Posted Oct 27, 2024 Updated Oct 30, 2024

9 min read

Overview

Hashmap은 Software의 탐색 속도를 개선하는데 활용하게 됩니다.
이때, Hashmap이 어떻게 구현(implementation)되어 있는지 확인해보려 합니다.

Source Code

  
import java.io.Serializable
import kotlin.collections.*

object EmptyIterator : ListIterator<Nothing> {
    override fun hasNext(): Boolean = false
    override fun hasPrevious(): Boolean = false
    override fun nextIndex(): Int = 0
    override fun previousIndex(): Int = -1
    override fun next(): Nothing = throw NoSuchElementException()
    override fun previous(): Nothing = throw NoSuchElementException()
}

object EmptySet : Set<Nothing>, Serializable {
    private const val serialVersionUID: Long = 3406603774387020532

    override fun equals(other: Any?): Boolean = other is Set<*> && other.isEmpty()
    override fun hashCode(): Int = 0
    override fun toString(): String = "[]"
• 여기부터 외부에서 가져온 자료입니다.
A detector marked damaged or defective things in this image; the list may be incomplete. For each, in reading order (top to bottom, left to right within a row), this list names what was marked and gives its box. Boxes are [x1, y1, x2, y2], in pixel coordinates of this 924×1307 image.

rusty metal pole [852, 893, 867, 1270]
    override val size: Int get() = 0
    override fun isEmpty(): Boolean = true
    override fun contains(element: Nothing): Boolean = false
    override fun containsAll(elements: Collection<Nothing>): Boolean = elements.isEmpty()
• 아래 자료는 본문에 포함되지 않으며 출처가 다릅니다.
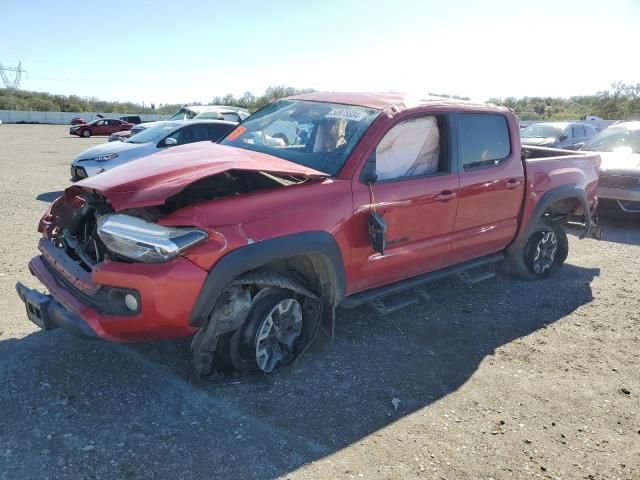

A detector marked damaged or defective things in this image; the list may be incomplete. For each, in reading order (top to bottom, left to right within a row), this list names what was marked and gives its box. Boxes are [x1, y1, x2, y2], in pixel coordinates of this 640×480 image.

crumpled hood [74, 140, 151, 162]
crumpled hood [72, 142, 328, 211]
crumpled hood [596, 152, 640, 172]
detached headlight assembly [97, 214, 208, 262]
exposed headlight [97, 215, 208, 264]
    override fun iterator(): Iterator<Nothing> = EmptyIterator

    private fun readResolve(): Any = EmptySet
}

class HashMapImpl<K, V> constructor() {
    private val defaultCapacity = 16
    private var loadFactor = 0.75f
    private var size = 0
    private var sizeThreshold = (defaultCapacity * loadFactor).toInt()
    val entries: Set<Map.Entry<K, V>> get() = EmptySet

    private class Bucket<K, V> constructor(val key: K?, val value: V?) {
        var next: Bucket<K, V>? = null;
    }

    private var _buckets: Array<Bucket<K, V>?>? = null;
    private var buckets: Array<Bucket<K, V>?>
        get() {
            if (_buckets == null) {
                _buckets = kotlin.arrayOfNulls<Bucket<K, V>>(defaultCapacity);
            }
            return _buckets ?: throw AssertionError("Set to null by another thread");
        }
        set(value) {
            _buckets = value
        }

    private var _values: Collection<V>? = null
    val values: Collection<V>
        get() {
            if (_values == null) {
                _values = object : AbstractCollection<V>() {
                    override operator fun contains(element: @UnsafeVariance V): Boolean = containsValue(element)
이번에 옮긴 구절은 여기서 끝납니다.